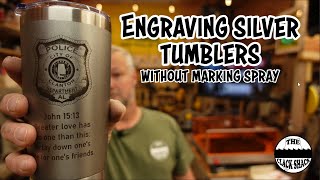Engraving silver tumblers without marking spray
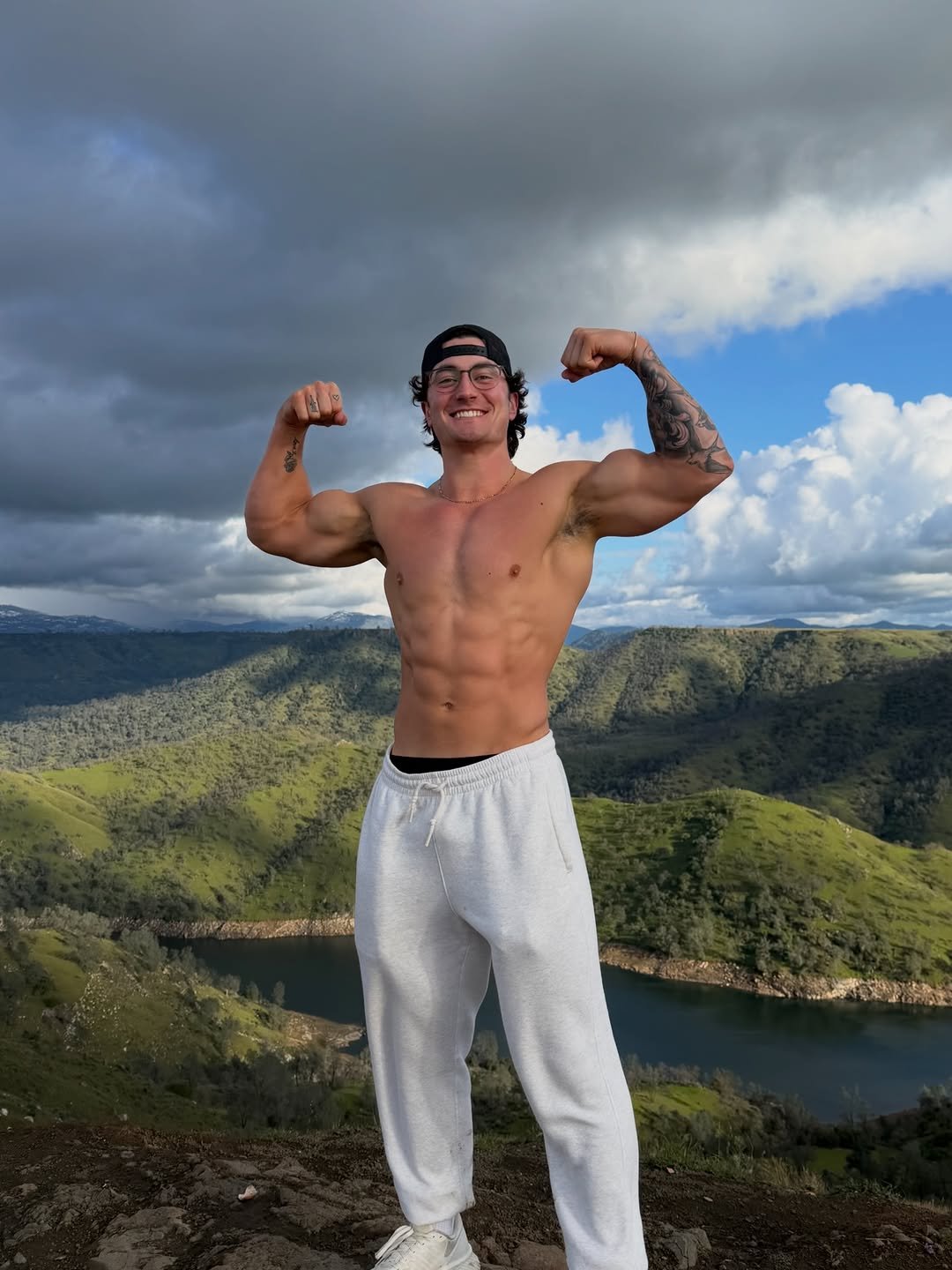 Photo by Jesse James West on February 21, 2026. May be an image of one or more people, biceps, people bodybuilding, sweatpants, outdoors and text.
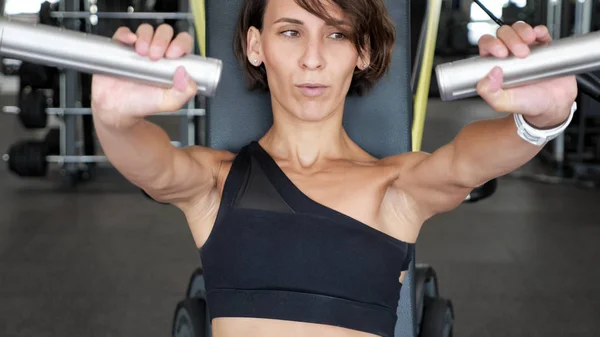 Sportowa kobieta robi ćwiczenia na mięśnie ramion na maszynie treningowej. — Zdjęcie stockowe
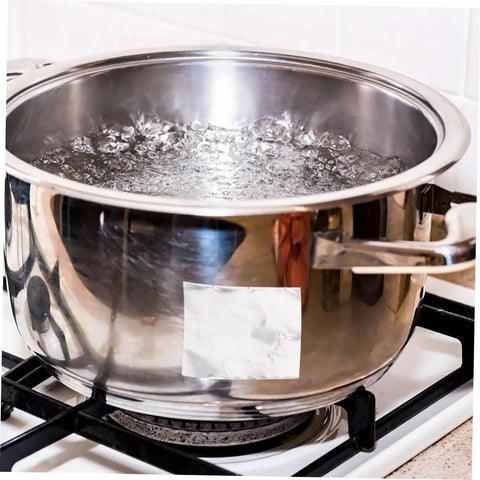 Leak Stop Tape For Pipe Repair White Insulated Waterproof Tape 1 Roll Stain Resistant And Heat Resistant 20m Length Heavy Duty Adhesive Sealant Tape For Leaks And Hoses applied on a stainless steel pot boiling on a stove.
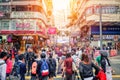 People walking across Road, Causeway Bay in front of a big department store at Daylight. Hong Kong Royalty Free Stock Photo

--

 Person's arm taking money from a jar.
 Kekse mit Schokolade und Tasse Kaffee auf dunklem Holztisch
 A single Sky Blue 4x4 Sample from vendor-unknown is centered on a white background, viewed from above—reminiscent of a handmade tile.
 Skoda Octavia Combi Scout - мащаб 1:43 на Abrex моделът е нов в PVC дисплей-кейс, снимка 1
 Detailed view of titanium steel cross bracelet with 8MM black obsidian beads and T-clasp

* * *

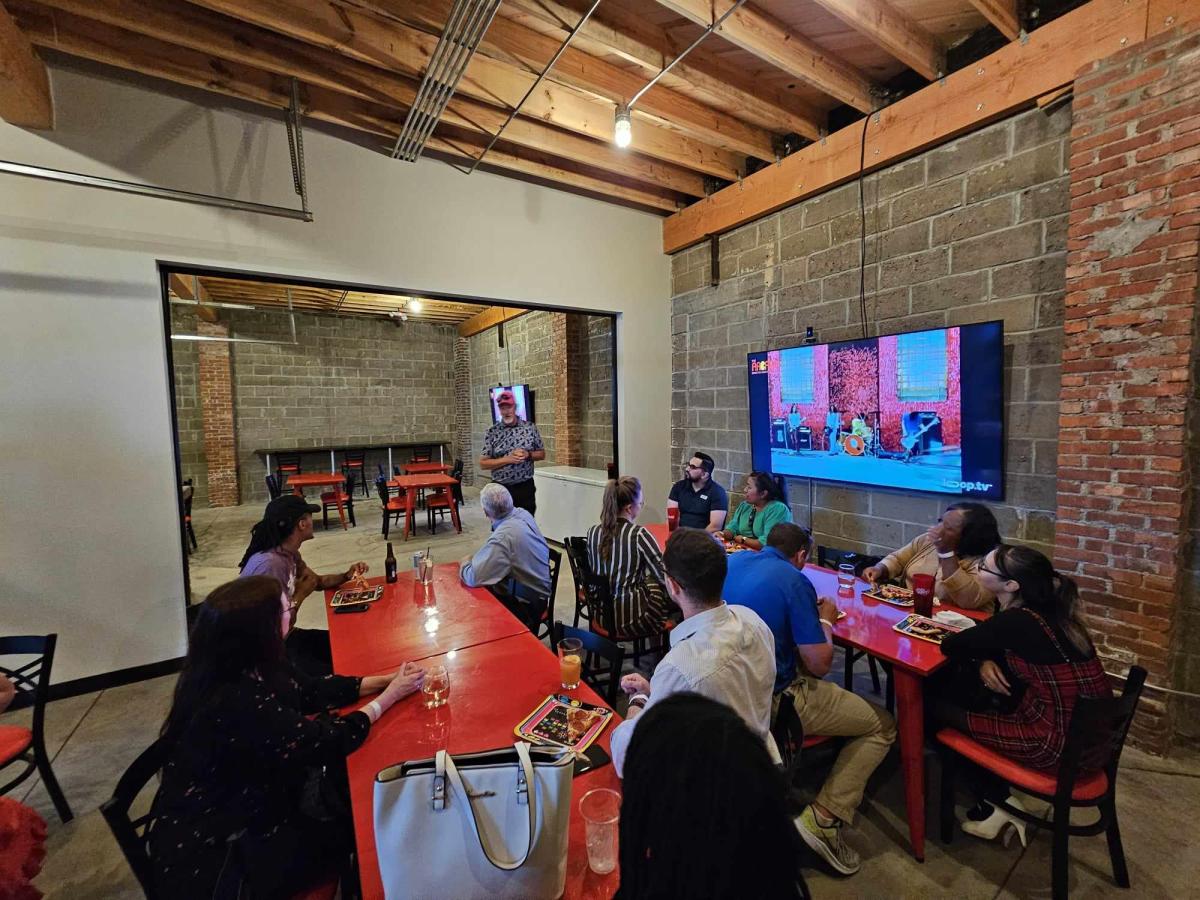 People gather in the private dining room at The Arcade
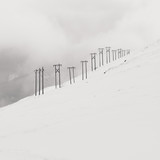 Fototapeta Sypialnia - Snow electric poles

Task details => For each line in the entries that contains the string "from", make a copy.

Task response =>
 Person's arm taking money from a jar.
 A single Sky Blue 4x4 Sample from vendor-unknown is centered on a white background, viewed from above—reminiscent of a handmade tile.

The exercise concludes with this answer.